Hawaii Volcanic Hazards and Monitoring - Although it has been 200 years since the last eruption of Hualalai, it will almost certainly erupt again. Lava flows by far pose the greatest danger in a potential future eruption of Hualalai, because although explosive pyroclastic eruptions have occurred during Holocene times (the past 10,000 years), they are relatively rare and they cover only limited parts of the volcano. The alkalic eruptions at Hualalai have been generally much less explosive than those at neighboring Hawaii volcanoes of Kohala and Mauna Kea. There has been no recently detected magma-related seismicity or ground deformation at Hualalai, making it difficult to say if and when the next eruption might occur.

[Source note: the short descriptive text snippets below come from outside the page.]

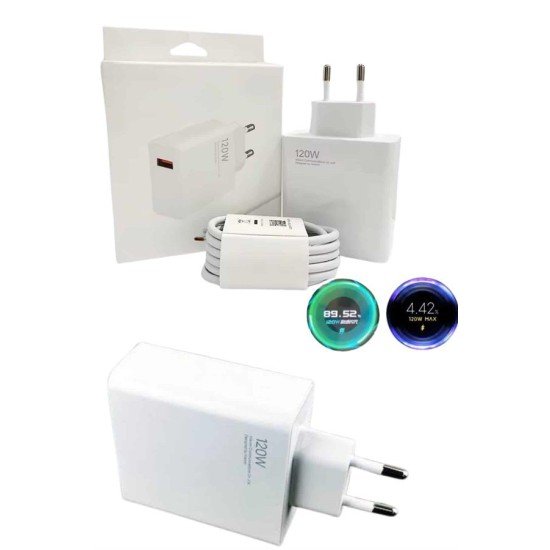 120 Watt Turbo Hızlı Şarj Aleti Seti Hızlı Şarj Adaptörü Beyaz 120 Watt Turbo Hızlı Şarj Aleti Seti Hızlı Şarj Adaptörü Beyaz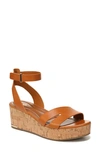 Sarto By Franco Sarto Primrose Platform Wedge Sandal In Tan Brown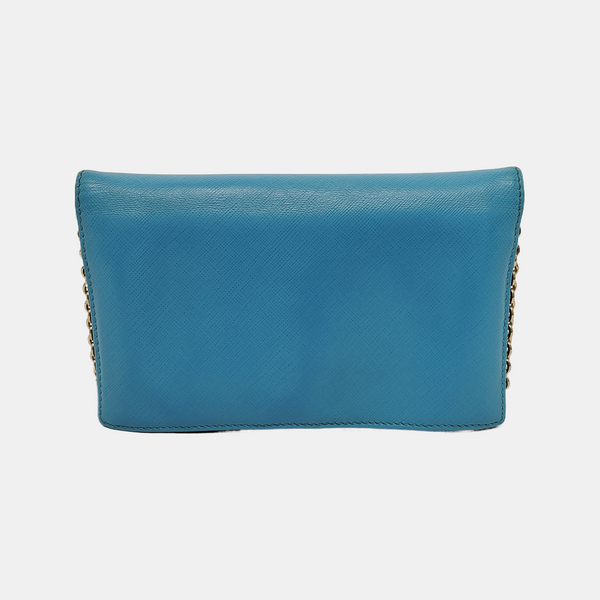 Ginny Calfskin Blue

Hualalai still presents a volcanic hazard as it is near populated areas on Hawaii. For instance, its summit is only 15km away from the town of Kailua-Kona, Hawaii and a flow as voluminous as the 1800 eruption could cover that distance in a few hours. The eruptive recurrence interval of Hualalai for all of Holocene time is on the order of 50 years (about 200 eruptions in 10,000 years). However, mapping and 14C dating studies have indicated that eruptions have occurred in clusters (groups of several eruptions over a few hundred years), separated by several centuries of inactivity.
The Hawaiian Volcano Observatory (HVO) has maintained a seismic station located 3 km east of Hualalai's summit since 1971, which is used to monitor the volcano for signs of activity. During this period, no micro earthquake swarms or harmonic tremors (both indicative of magma migration) have been recorded, although each year Hualalai experiences several magnitude 4 earthquakes. These earthquakes are usually from a deep source off the coast of the Northwest rift zone. This seismicity is apparently not related to movement of magma. However, in 1929 an intense swarm of earthquakes struck Hualalai for a period of a month, which has been interpreted as being due to a magma intrusion too near the surface, without a surface eruption on Hawaii.